Manech disait à Kattalin :


— Je crois que tu passes ta vie au bord du ruisseau.


Elle disait :


— Oui, plutôt que de lire et d’écrire, j’aime mieux faire briller le cuivre des chaudrons avec le sable. Je suis heureuse lorsque je vois le soleil danser dedans. On ne peut pas le regarder longtemps.


Il disait :


— L’oiseau-bleu qui vient de passer est celui qui va le plus vite. As-tu jamais vu son nid ?


Elle disait :


— Il fait son nid au fond de la Joyeuse où il emporte du ciel sous ses ailes. Là, il pond et il couve ses œufs. Il se bat avec les anguilles.


Il disait :


— Ton père et tes frères sont habiles à pêcher la truite. Moi, avec cette gaule, je n’attrape rien que de tout petits poissons qui sont amers au goût. Je suis un maladroit.


Elle disait :


— Non, tu n’es pas un maladroit. Ta réputation de pilotari est venue jusqu’à notre moulin. Tu as battu, le même jour, un monsieur d’Amérique et Arnaud le postillon. Je le sais. Mais tu as l’air triste, et tu ne joues presque plus.


Il disait :


— Je n’aime pas jouer avec ceux qui y mettent de la malice. Je joue avec monsieur l’abbé du patronage.


Elle disait :


— C’est lui qui m’a fait apprendre le catéchisme. Il sait comment on fait la farine, parce qu’il est, comme moi, l’enfant d’un meunier, du meunier de Hélette.


Il disait :


— Je le sais.


Elle disait :


— Il vient quelquefois à notre moulin pour voir ma grand’mère qui ne se lève plus. Il lui a apporté plusieurs fois la sainte communion.


Il disait :


— Je le sais, et je sais encore que ton père lui a fait don d’un sac de farine pour que les religieuses préparent les hosties.


Elle disait :


— Et ton père a donné du vin et deux agneaux à monsieur le curé.


Il disait :


— On ne parle pas de ce que l’on donne, mais mon père est juste.


Elle disait :


— On ne voit plus Yuana. Elle venait parfois jusqu’ici. Elle échangeait avec moi des sucres d’orge contre du miel de nos ruches. Elle est gourmande, on dit qu’elle est placée à la ville.


Il disait :


— Peut-être. Il y en a qui s’en vont. Il y en a qui restent.


Elle disait :


— Est-ce que tu voudrais partir ?


Il ne répondit pas. Un grand frisson le parcourut, tel que celui qui ride la surface de la mer. Il regardait cette campagne pareille à il y a des mille ans. Il regardait la rivière. Il regardait Ursuya qui s’allongeait dans la nacre du ciel comme un promontoire attentif aux nefs des nuages. Il sentit les racines de son cœur se nouer plus fortement à ce sein maternel, dans cet amour qu’il portait à sa terre naïve et fruste, à ceux qui l’y avaient engendré, à ses frères et sœurs, à Yuana peut-être, peut-être à Kattalin. Mais, en même temps, il entendait le même appel que les oiseaux sauvages quand leur aile est agitée par le souffle des expatriements. Ainsi, sur le bord de son nid qu’il a rempli de sa tendresse et de ses plumes, le blanc voilier. Il cède à l’attrait de sa douleur. Il part, et ce qui fait son cercle si doux autour du monde, c’est qu’avant de s’en aller il a songé à revenir.

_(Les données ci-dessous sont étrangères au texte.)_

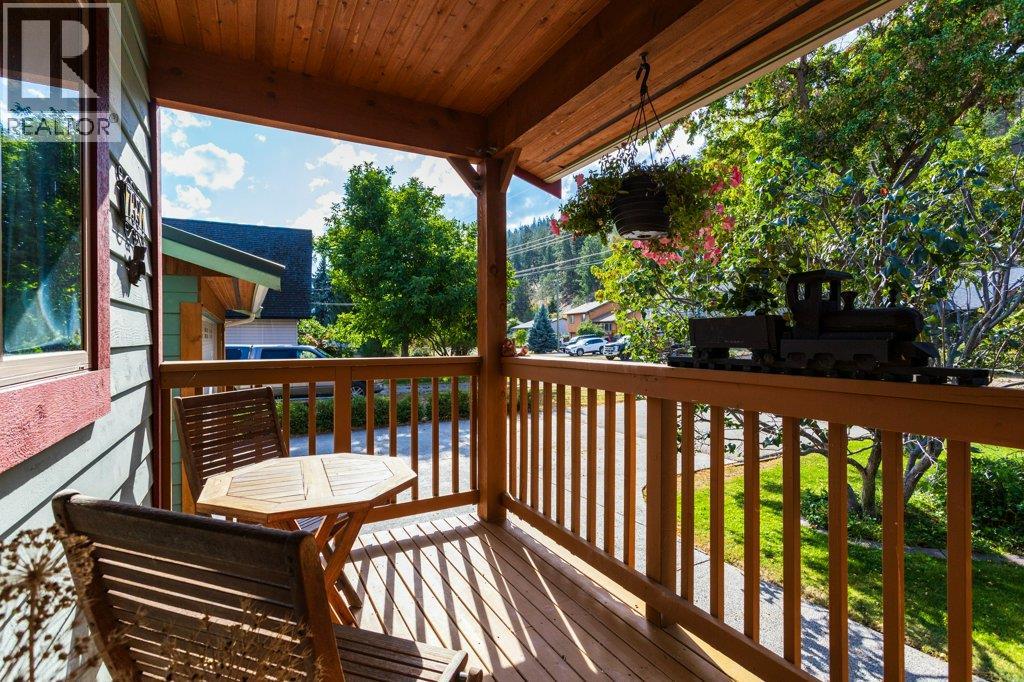 7331 Fintry Delta Road Property Photo 10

Ils poursuivaient la même pensée.


— On trouve de l’or aux Amériques, reprit-elle ; on le ramasse dans la rivière comme ici les cailloux.


Il avait fait ce rêve d’être riche, qui hante chaque Basque et le pousse aux lointaines aventures. Cette âme étrange, douce et mystique, était possédée et fascinée par le métal qui se soumet les choses de la terre. Ah ! il savait bien, s’il la réalisait jamais, à quoi il emploierait sa fortune. Il ferait bâtir un trinquet où il n’inviterait que tel et tel. Il se ferait faire un costume à Bayonne, et il porterait une montre qui sonne les heures et marque les jours de la semaine. Il se rendrait en voiture ici et là pour assister aux parties de longue ou de blaid. Mais au mariage il ne songeait pas, il n’avait jamais songé, songerait-il jamais ?

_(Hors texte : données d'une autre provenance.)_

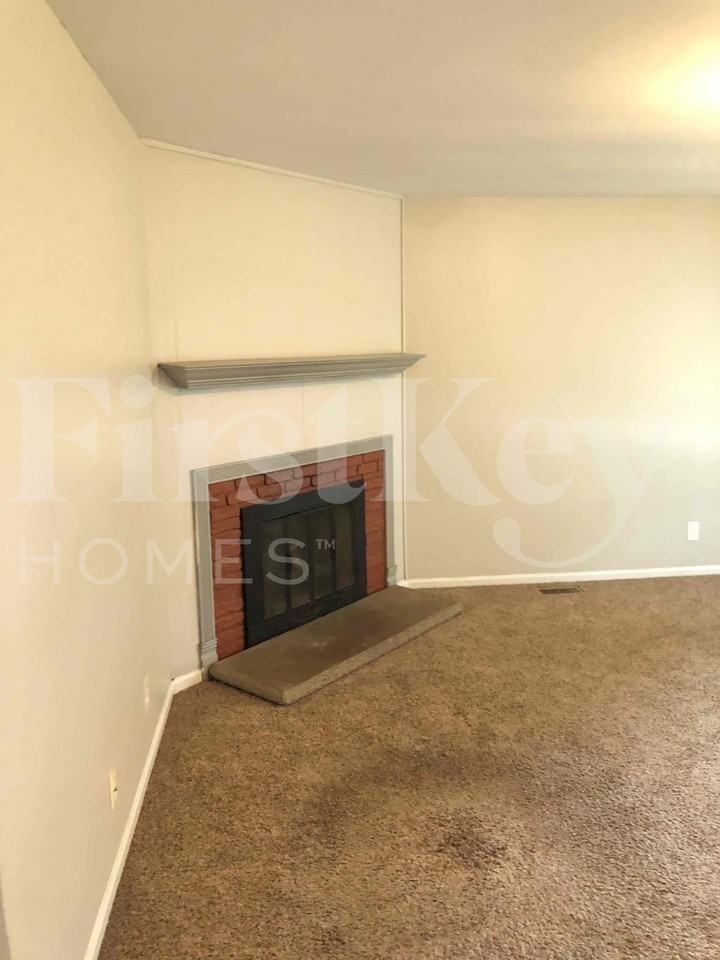 127 Saugatuck Rd - Photo 2 of 20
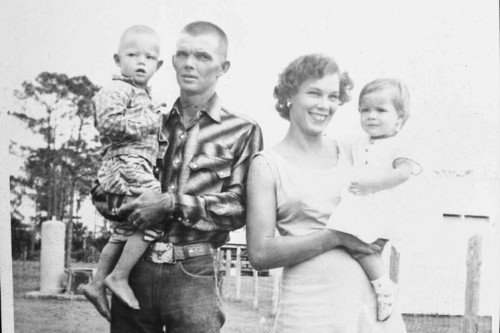 dailyunsolvedmysteries: 1959 Murder of the Walker Family On December 19, 1959, the entire Walker fam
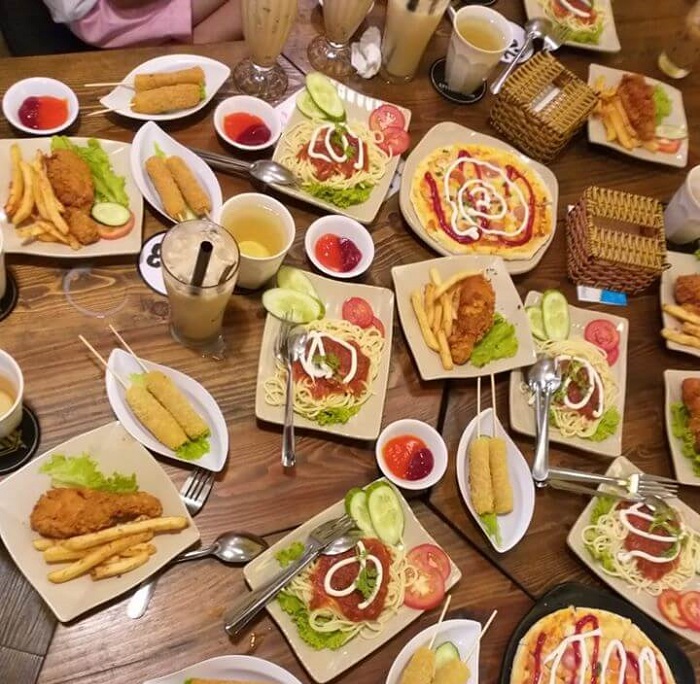 Những quán ăn trưa ngon ở Phú Quốc - quán Quang HD Phú Quốc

Le voyant absorbé, le regard fixé sur le liège qu’il abandonnait au courant, elle rompit de nouveau le silence :


— Si tu vas aux Amériques et si tu en reviens riche, Manech, tu seras fier et tu ne me parleras plus. Tu ne fréquenteras que des élégantes comme Yuana.


Elle disait cela sans malice aucune, sans le moindre soupçon, simplement parce qu’elle avait été éblouie par les robes de sa voisine. Cependant il en éprouva du malaise. L’ombre de Yuana, évoquée par ces simples mots, rida l’eau pure.


Il dit :


— Laisse-moi, Kattalin !


Et, triste de le sentir fâché, elle s’en alla tenant sa petite gaule et poussant ses canards devant elle.

Manech ne revit plus, jusqu’à la Toussaint, Yuana qui ne manqua pas de se rendre alors sur la tombe de ses parents.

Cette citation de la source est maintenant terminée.